Corrections and Errors

Benchmark is a measurement instrument. Things break. AI products return randomness. Our parsing has edge cases. Our headlines pipeline sometimes misstates numbers. We want to know when we are wrong.

How to report something

GitHub issue (preferred, public record): github.com/news-community/public/issues

Email: [email protected]

Either is fine. Please include:

The page URL where you saw the issue
What looks wrong
What you think the correct answer is
A screenshot if possible

What we triage

Factual errors in AI responses about a candidate. These are errors the AI made, not ours.
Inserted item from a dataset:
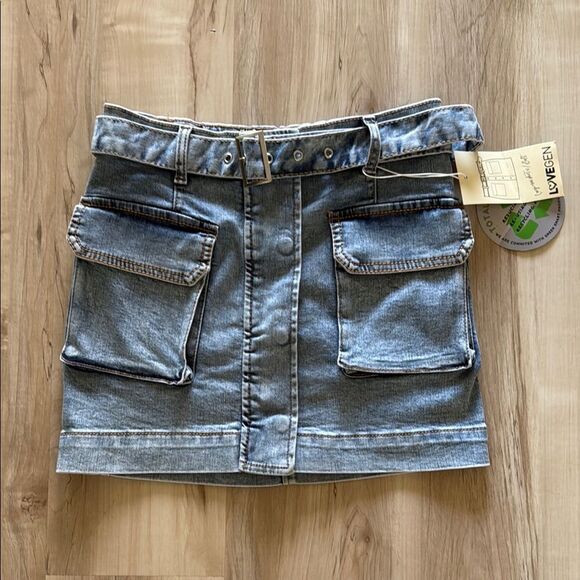 NEW Denim Mini Cargo Skirt - Picture 1 of 3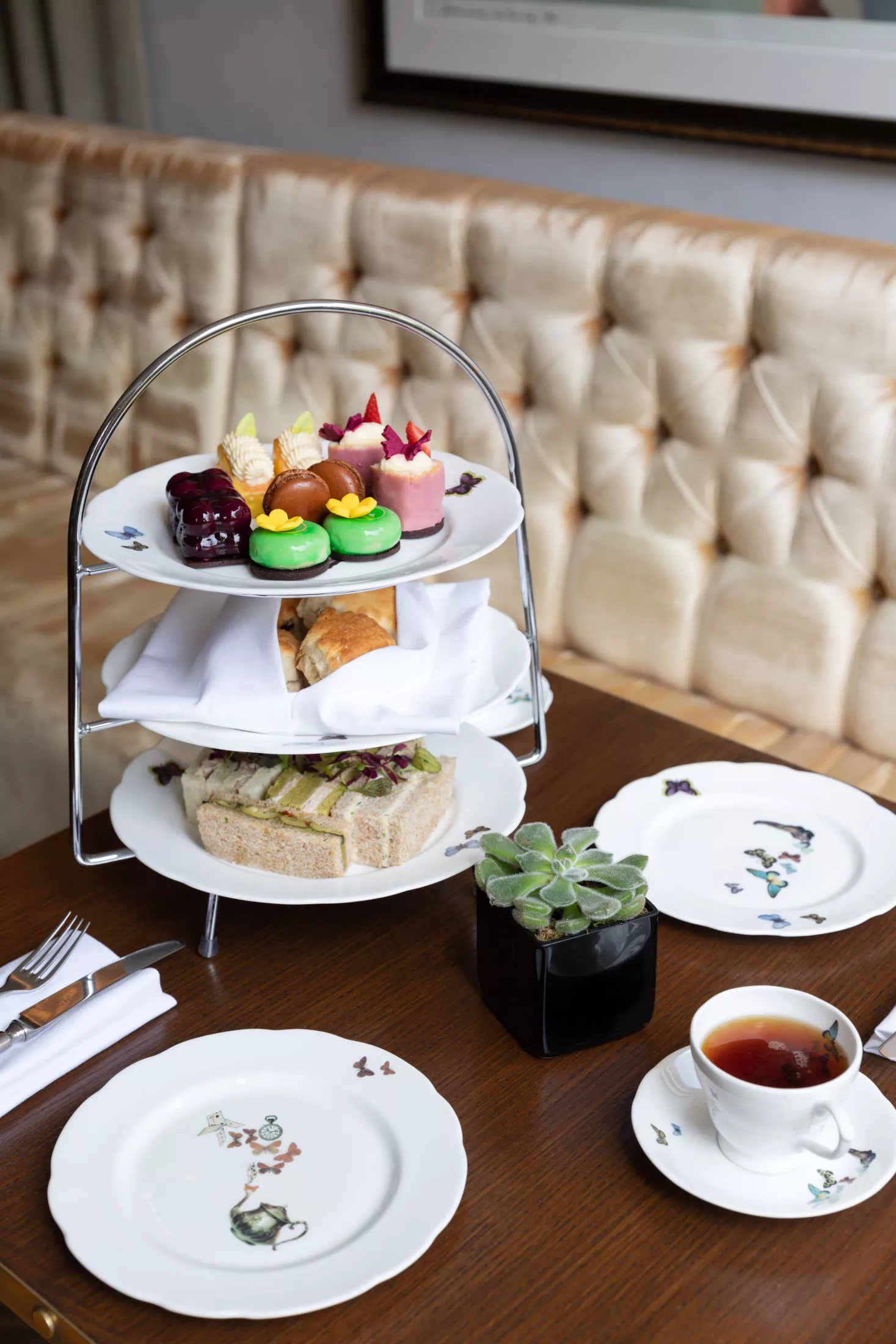 Guide to the best afternoon teas in Mayfair. Mayfair, known for its chic and sophisticated ambiance, is one of the most sought-after destinations for afternoon tea in London. With its picturesque streets lined with historic buildings and luxury boutiques, Mayfair offers a perfect setting for indulging in the quintessential British tradition of afternoon tea. Best Afternoon Tea in London #afternoontea #creamtea #Mayfair Things To Do In London | Things To Do In London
We log them as findings, surface patterns publicly, and may report systemic issues to the provider.

Methodology bugs. Our parser missed a refusal, our aggregator double-counted, our headline misstated a number. We fix the code, re-run aggregation, and log a version event so the trend chart visibly marks the boundary.
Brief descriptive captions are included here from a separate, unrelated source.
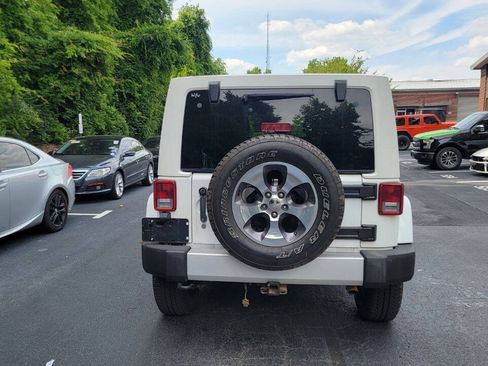 Used 2013 Jeep Wrangler Unlimited Sahara w/ Connectivity Group AWD/4WD image 8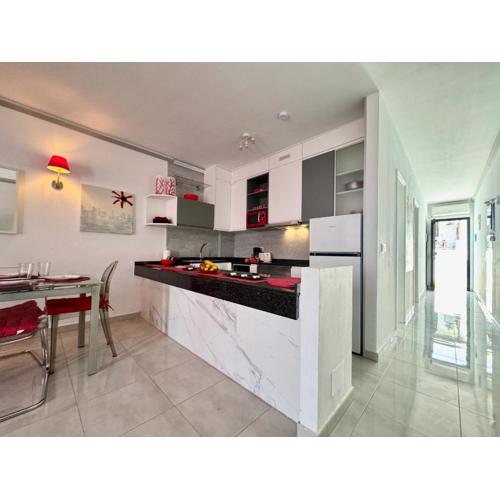 Corallo ArtHouse 50m from the Beach Fast WiFi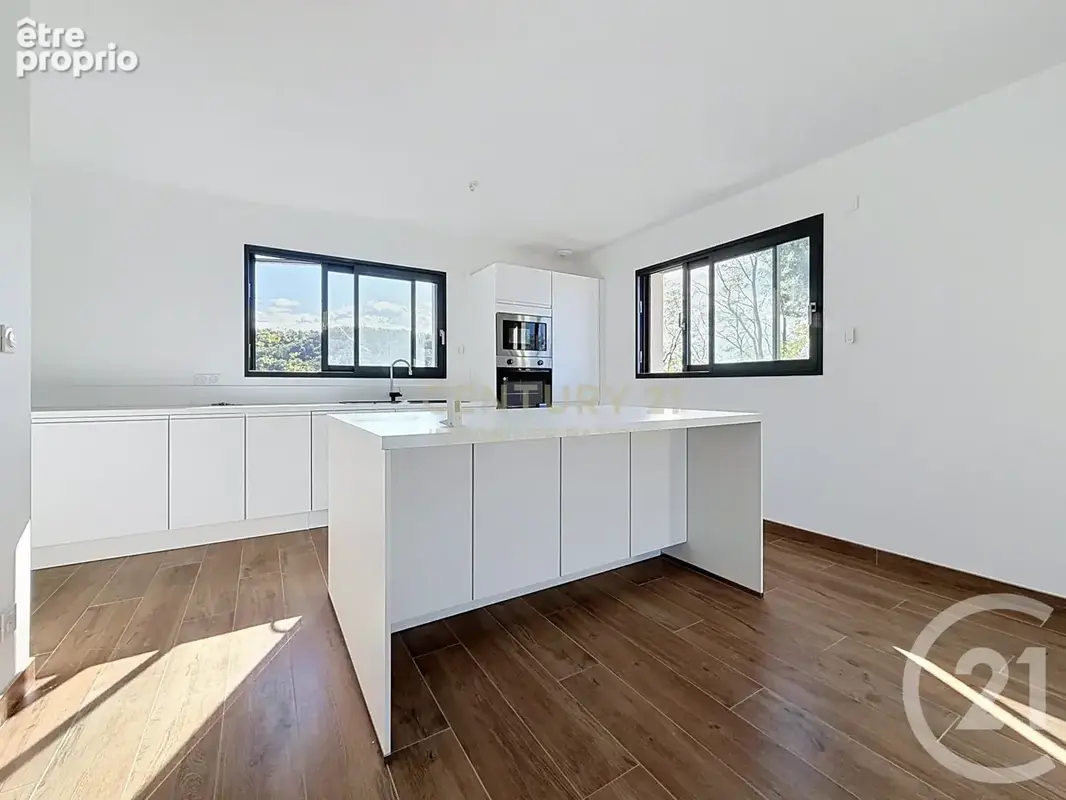 Maison 5 pièces 137 m² à vendre à Bourgoin-Jallieu (38300) - photo 3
Candidate metadata errors. Wrong party affiliation, wrong FEC ID, name spelling, race assignment. Single-line YAML fix; dashboard reflects on the next aggregate run.
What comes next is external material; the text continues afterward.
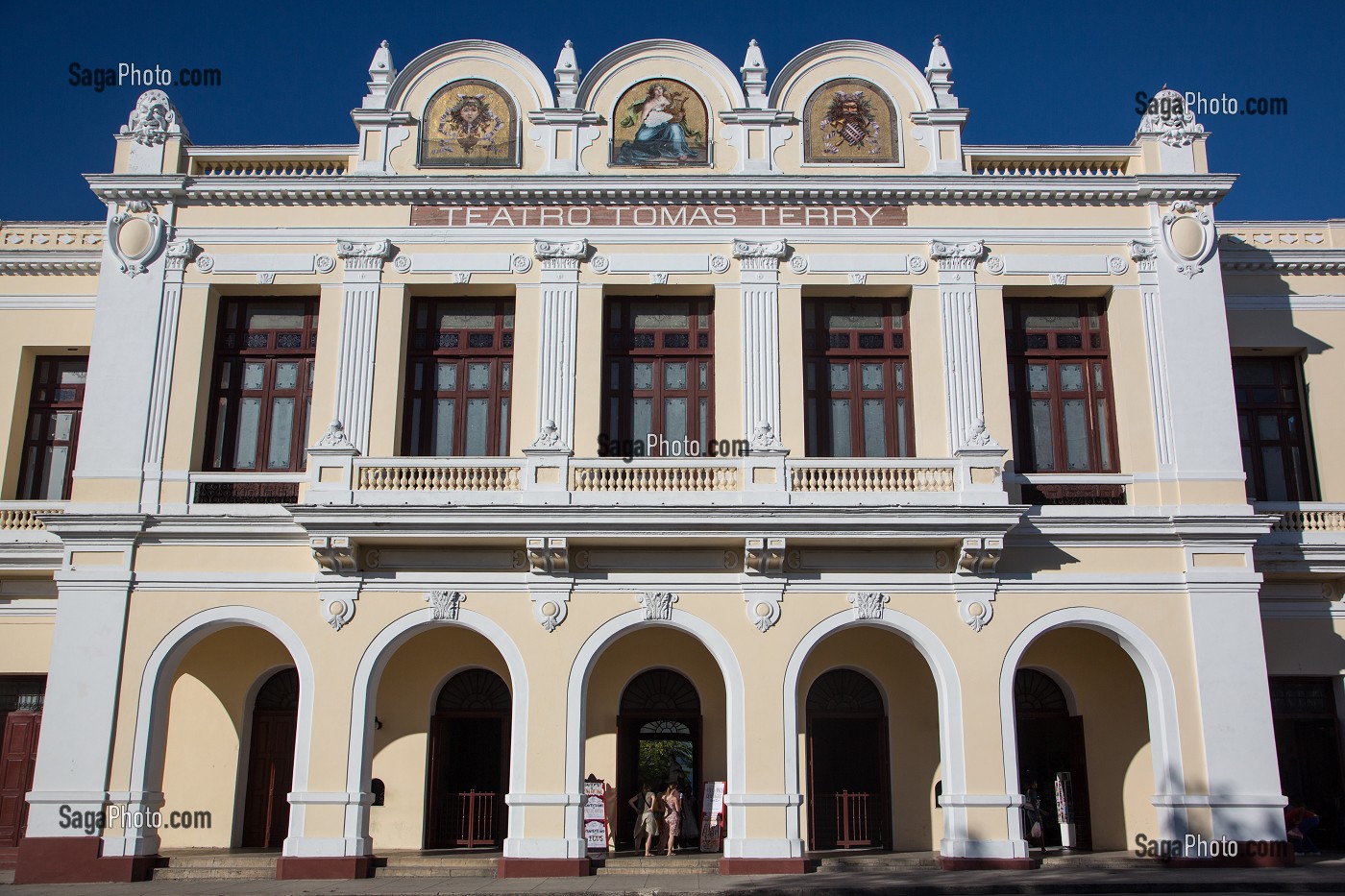 THEATRE TOMAS TERRY, PLACE DU PARQUE JOSE MARTI, CIENFUEGOS, ANCIENNE VILLE PORTUAIRE PEUPLEE PAR LES FRANCAIS AU 19EME SIECLE ET CLASSEE AU PATRIMOINE MONDIAL DE L'HUMANITE PAR L'UNESCO, CUBA, CARAIBES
Editorial framing concerns. We wrote a headline in a way that is leading or misleading. We rewrite and log the change. When our summarizer and verifier disagree about framing, we already publish the disagreement (see /audit).

Response time

We are a 2-person project doing this in our spare time. Realistic SLA: we triage within a few days, often same-day. Critical errors (numerical hallucinations published in headlines) get priority.

The public correction record

Every methodology change, model snapshot change, prompt change, or weighting change fires a version event that appears as an orange dashed line on every trend chart in the dashboard. This is our public correction log. The full version event history is at /audit.

What we do not correct

AI response randomness itself. The same query gets different answers on different days. That variability is what we are measuring. We capture, version, and surface it rather than smooth it away.
Candidate-positive or candidate-negative findings. We report what the AI said. If you think a finding makes your preferred candidate look bad, that is a finding about the AI, not an editorial choice we would reverse.
Numbers we computed correctly that you disagree with the methodology about. We are open to methodology critique (it goes in docs/decisions/) but we do not retroactively change historical numbers to match a new view.